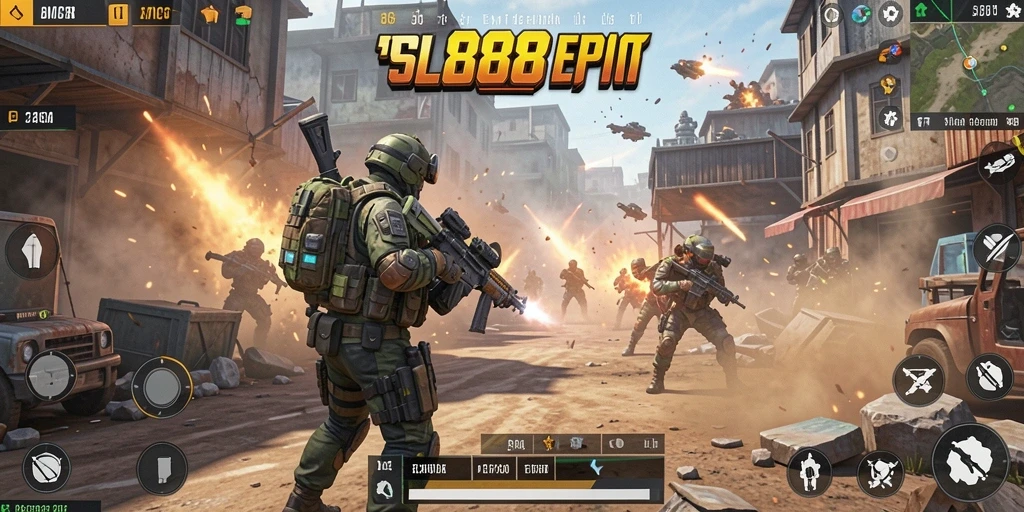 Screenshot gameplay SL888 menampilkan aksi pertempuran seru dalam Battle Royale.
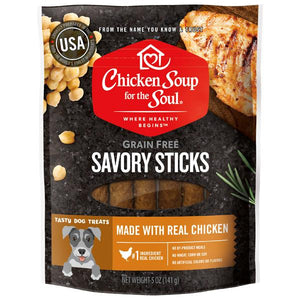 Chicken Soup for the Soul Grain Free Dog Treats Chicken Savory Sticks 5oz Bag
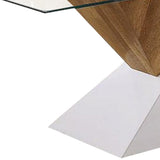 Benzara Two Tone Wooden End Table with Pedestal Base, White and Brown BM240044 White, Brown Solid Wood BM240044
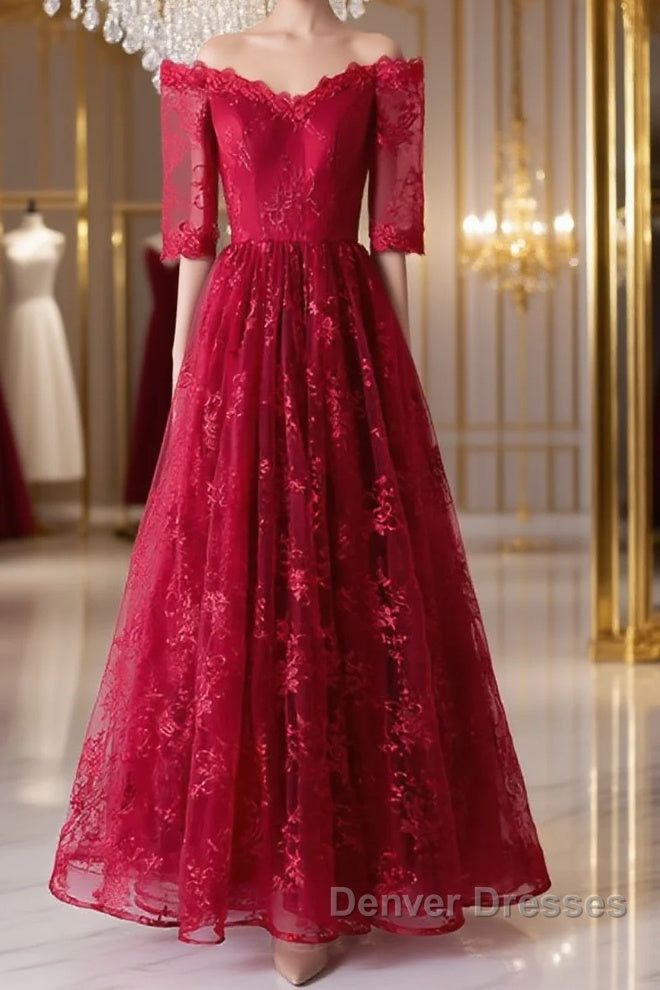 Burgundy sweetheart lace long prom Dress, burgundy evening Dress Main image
━━━━━━━━━━━━━━━━━━━━
GOAL OF THE EXERCISE =>
Look for the line that contains "Benzara Two Tone", then please copy it and the rest of the lines through the end of the data, pictures excluded.

RESPONSE AREA =>
 Benzara Two Tone Wooden End Table with Pedestal Base, White and Brown BM240044 White, Brown Solid Wood BM240044
 Burgundy sweetheart lace long prom Dress, burgundy evening Dress Main image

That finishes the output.